C’è dunque poco da meravigliarsi se nel 1965, quando per contrastare l’egemonia della Feltrinelli nell’ambito della letteratura tedesca d’avanguardia l’Einaudi si vide costretta in qualche modo a pubblicare qualcosa di Schmidt, Cases pensò bene di scartare il “Leviatano” pur a diritti pagati, e di limitarsi a una raccolta di racconti a carattere storico-allegorico.
Se però, come noto, Cases fu un germanista della domenica, ce n’era almeno un altro che lavorava tutti gli altri giorni.
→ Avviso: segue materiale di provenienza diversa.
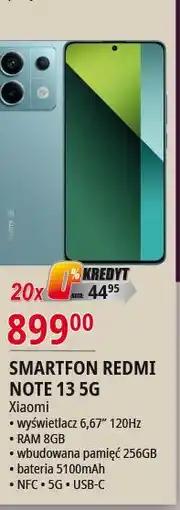E.Leclerc Smartfon redmi note 13 5g Xiaomi oferta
Così a inizio 1971 uscì l’ultimo volume della monumentale “Storia della letteratura tedesca” di Ladislao Mittner, che dedicava un capitolo a Schmidt tutto centrato sul “Leviatano”, in velata ma forte polemica con…
Il nulla dell’anno zero conteneva in sé il proprio correttivo, un qualcosa che poteva essere anche tutto, sia in quanto speranza ancora oscura di vita, sia come risoluta, seppur sterile volontà di resistenza morale a un nulla invincibile, che l’individuo consapevole del valore della propria individualità può tuttavia negare. Tanto maggiore importanza dobbiamo attribuire al “Leviatano” di Schmidt, in cui si continua a vedere il libro della ribellione della genuina “gioventù del mondo” contro la barbarie nazista, sebbene esso sia stato scritto da un autore giunto allora quasi al quarantesimo anno di età. L’eccezionalità dell’opera realistico-fantastica di Schmidt consiste secondo noi nel fatto che è la sola nell’immediato dopoguerra a rappresentare il principio ulisseo e illuministico dell’intelligenza esploratrice e sperimentatrice, la quale non si lascia attrarre dalla suggestione del gorgo, ma vi si avvicina col fermo proposito di conoscerlo circumnavigandolo. Egli non è attratto, come Poe, dal vertice inumano che inghiotte fatalmente l’uomo annientandone ogni capacità di resistenza; è un ulisside della specie di Joyce; è però anzitutto un ulisside che affronta con ferma volontà chiarificatrice le prove più difficili e appassionanti di tutti i miti e tutte le storie del passato, per riconoscere in ognuna di esse la stessa volontà e capacità umana di affrontare il male per conoscerlo e di conoscerlo per dominarlo. Il nihilismo di Schmidt è nihilismo di uno scrittore colto, ma non è nihilismo compiaciuto. Schmidt ha conservato tutta quella carica di ribellione che i tedeschi antinazisti dovettero comprimere sotto il nazismo.
Così, dagli anni 70 e molto oltre, le due case editrici che facevano cultura si spalleggeranno nel più ottuso ostracismo: troppo nihilista per l’Einaudi infatti, Arno Schmidt lo era troppo poco per l’Adelphi. Ma la vecchia talpa ha ben scavato, e bene scaverà ancora.